UK teen convicted of museum attack plot

UK teen convicted of museum attack plot

LONDON - The Associated Press
UK teen convicted of museum attack plot

A London teenager was convicted on June 4 of plotting an attack on the British Museum after failing in her ambition of becoming a jihadi bride in Syria.

A jury at the Central Criminal Court found 18-year-old Safaa Boular guilty of preparing acts of terrorism. Her mother and sister admitted helping her, making the case

Britain’s first involving an all-female cell of Islamic State of Iraq and the Levant (ISIL)-inspired plotters.

Prosecutors said Boular plotted a grenade and gun attack in messages exchanged with an older ISIL fighter in Syria. She hoped to marry him, but he was killed in 2017.

After Boular was arrested in April 2017 for trying to travel to Syria, she worked to enlist her older sister

Rizlaine to carry out an attack. In phone calls with her sister and mother from prison, she used code words that referred to an attack as an “Alice In Wonderland”-themed tea party.

Rizlaine Boular, 22, said she knew “a few recipes for some amazing cakes” for a “proper like English tea party kind of thing.”

Prosecutors said Rizlaine Boular bought knives and a knapsack and carried out reconnaissance of London landmarks with the sisters’ mother, Mina Dich.

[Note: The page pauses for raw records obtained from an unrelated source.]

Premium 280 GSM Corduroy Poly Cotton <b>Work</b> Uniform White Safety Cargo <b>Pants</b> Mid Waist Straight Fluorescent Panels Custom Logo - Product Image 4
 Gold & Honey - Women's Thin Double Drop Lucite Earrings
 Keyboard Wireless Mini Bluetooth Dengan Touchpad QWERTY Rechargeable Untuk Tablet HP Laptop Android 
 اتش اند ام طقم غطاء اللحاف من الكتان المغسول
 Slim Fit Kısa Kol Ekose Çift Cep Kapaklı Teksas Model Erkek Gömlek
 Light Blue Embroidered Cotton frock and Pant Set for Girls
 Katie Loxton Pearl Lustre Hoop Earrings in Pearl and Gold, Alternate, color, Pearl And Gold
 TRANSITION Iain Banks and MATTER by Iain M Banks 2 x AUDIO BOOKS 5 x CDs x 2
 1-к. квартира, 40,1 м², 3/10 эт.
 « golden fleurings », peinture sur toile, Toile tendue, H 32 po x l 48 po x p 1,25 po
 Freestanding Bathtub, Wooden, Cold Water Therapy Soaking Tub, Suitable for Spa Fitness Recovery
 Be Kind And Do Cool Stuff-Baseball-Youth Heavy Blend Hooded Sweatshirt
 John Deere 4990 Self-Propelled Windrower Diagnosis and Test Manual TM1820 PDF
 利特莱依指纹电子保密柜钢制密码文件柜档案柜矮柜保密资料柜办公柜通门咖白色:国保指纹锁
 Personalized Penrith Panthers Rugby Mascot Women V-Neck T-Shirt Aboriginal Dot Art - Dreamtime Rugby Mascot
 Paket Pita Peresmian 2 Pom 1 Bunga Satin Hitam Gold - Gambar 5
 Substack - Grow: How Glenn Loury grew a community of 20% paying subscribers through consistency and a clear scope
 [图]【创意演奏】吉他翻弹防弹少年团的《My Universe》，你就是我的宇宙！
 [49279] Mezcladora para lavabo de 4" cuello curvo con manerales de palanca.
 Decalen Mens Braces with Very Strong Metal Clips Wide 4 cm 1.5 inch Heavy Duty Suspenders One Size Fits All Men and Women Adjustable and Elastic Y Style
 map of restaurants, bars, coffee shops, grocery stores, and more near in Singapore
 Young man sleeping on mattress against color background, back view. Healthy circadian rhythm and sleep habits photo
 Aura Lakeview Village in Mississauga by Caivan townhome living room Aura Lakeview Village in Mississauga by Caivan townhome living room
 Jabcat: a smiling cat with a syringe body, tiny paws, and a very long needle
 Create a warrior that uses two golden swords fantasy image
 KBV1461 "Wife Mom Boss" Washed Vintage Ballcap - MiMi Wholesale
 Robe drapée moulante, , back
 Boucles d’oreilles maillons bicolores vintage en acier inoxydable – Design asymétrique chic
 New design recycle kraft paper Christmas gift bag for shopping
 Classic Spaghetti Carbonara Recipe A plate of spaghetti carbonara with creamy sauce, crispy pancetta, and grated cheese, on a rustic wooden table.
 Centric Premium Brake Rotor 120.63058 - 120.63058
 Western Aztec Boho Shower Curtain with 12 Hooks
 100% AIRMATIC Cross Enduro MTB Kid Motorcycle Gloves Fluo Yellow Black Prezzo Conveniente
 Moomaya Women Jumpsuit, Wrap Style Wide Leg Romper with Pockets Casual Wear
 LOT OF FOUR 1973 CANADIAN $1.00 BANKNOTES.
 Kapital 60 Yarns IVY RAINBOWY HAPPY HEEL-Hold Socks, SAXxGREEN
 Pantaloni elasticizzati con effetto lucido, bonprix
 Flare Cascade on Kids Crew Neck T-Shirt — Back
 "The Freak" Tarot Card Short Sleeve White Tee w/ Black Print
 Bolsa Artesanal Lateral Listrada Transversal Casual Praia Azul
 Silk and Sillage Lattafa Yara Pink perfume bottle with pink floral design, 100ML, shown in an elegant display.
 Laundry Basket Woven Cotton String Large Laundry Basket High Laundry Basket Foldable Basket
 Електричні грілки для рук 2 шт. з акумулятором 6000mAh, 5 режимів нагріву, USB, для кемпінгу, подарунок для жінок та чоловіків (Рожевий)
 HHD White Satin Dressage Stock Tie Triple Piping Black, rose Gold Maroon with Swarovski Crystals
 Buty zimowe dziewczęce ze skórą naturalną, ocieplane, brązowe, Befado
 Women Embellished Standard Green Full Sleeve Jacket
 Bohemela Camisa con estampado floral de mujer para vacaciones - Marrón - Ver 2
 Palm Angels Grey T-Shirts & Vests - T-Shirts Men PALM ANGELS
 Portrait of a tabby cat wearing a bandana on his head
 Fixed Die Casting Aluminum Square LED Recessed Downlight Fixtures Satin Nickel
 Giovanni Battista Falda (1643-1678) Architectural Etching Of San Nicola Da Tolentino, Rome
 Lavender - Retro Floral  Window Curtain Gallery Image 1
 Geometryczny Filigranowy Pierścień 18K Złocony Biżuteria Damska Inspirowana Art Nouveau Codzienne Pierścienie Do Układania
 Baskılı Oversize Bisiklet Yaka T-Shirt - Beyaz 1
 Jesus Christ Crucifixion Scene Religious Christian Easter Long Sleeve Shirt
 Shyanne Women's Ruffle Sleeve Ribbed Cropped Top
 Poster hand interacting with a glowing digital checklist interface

She and her mother pleaded guilty to terrorism offenses. All three will be sentenced later.

“This involved a family with murderous intent, the first all-female terrorist plot in the U.K. connected to [ISIL],”Metropolitan Police counterterrorism chief Dean Haydon said.

“As a family unit, they are pretty dysfunctional,” Haydon added.

The British Museum houses important artifacts and art works acquired during the heyday of the British Empire, including the Rosetta Stone and sculptures from the Parthenon in Athens.